ADR-0042: Notification fan-out is fail-soft per channel
When ODD Platform fans an alert out to its notification channels, a failure in one channel is logged and the rest still receive it — one broken channel never blocks the others.
Status
Accepted. Reconstructed from the codebase on 2026-05-30; the decision is live in the source today.
Context
A single alert can fan out to several notification channels (Slack, webhook, email). Any one of them can fail transiently — a webhook endpoint is down, an SMTP server times out. The platform has to decide what happens to the other channels, and to the next alert, when one send fails: stop the whole fan-out, or carry on.
Decision
Fan-out is fail-soft per channel: a send failure is caught, logged at ERROR naming the channel, and the loop continues to the next channel. AlertNotificationMessageProcessor.process iterates the configured senders and calls each inside a try/catch (NotificationSenderException); on exception it logs the failing channel's receiverId() and proceeds to the next sender. The exception does not propagate, so the next sender still runs and the next WAL message is still processed.
The decision encodes "one bad channel does not block the others" as the operational stance. The alternative — let the first failure abort the fan-out — would couple every channel's delivery to the least reliable one, and would stall WAL progress behind a single bad endpoint.
Consequences
A misconfigured or down channel does not stop the others: Slack still gets the alert if the webhook is failing, and the WAL keeps advancing rather than wedging behind a failed send.

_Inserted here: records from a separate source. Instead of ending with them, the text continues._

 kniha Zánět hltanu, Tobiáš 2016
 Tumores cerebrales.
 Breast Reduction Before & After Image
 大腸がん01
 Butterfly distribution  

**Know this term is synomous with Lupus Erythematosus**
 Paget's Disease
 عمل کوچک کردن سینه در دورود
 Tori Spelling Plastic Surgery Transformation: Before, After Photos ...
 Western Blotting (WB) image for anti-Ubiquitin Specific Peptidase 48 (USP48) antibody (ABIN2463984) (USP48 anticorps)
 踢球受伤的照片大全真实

📌 Partial failure is operator-visible only in logs. Because the failure is caught and logged rather than surfaced, the platform keeps no delivery-status record, counter, or alert for a channel that is silently failing — an operator learns of a dead channel only by inspecting ERROR logs. Closing that blind spot (a delivery audit trail or a failure metric) would be an additive change that does not alter the fail-soft stance.
The stance is consistent with the platform's broader "best-effort across a list of independent operations" convention (the same continue-on-failure shape used by the partition-management orchestrator).
Evidence
odd-platform-api/.../notification/processor/AlertNotificationMessageProcessor.java:26-35— the fan-out loop:for (… notificationSender : notificationSenders) { try { notificationSender.send(notificationMessage); } catch (NotificationSenderException e) { log.error(…"Error occurred while sending notification via %s"…, notificationSender.receiverId()…); } }— caught, logged, loop continues; no rethrow.odd-platform-api/.../notification/processor/AlertNotificationMessageProcessor.java:19—private final List<NotificationSender<AlertNotificationMessage>> notificationSenders;— the fan-out target is the list of activated channel senders (per ADR-0041).
See also
ADR-0041 — Notification channels activate by the presence of their keys — what populates the list of senders this fan-out iterates.
ADR-0043 — Notification WAL consumer is a leader-elected singleton — the WAL loop whose progress fail-soft fan-out protects.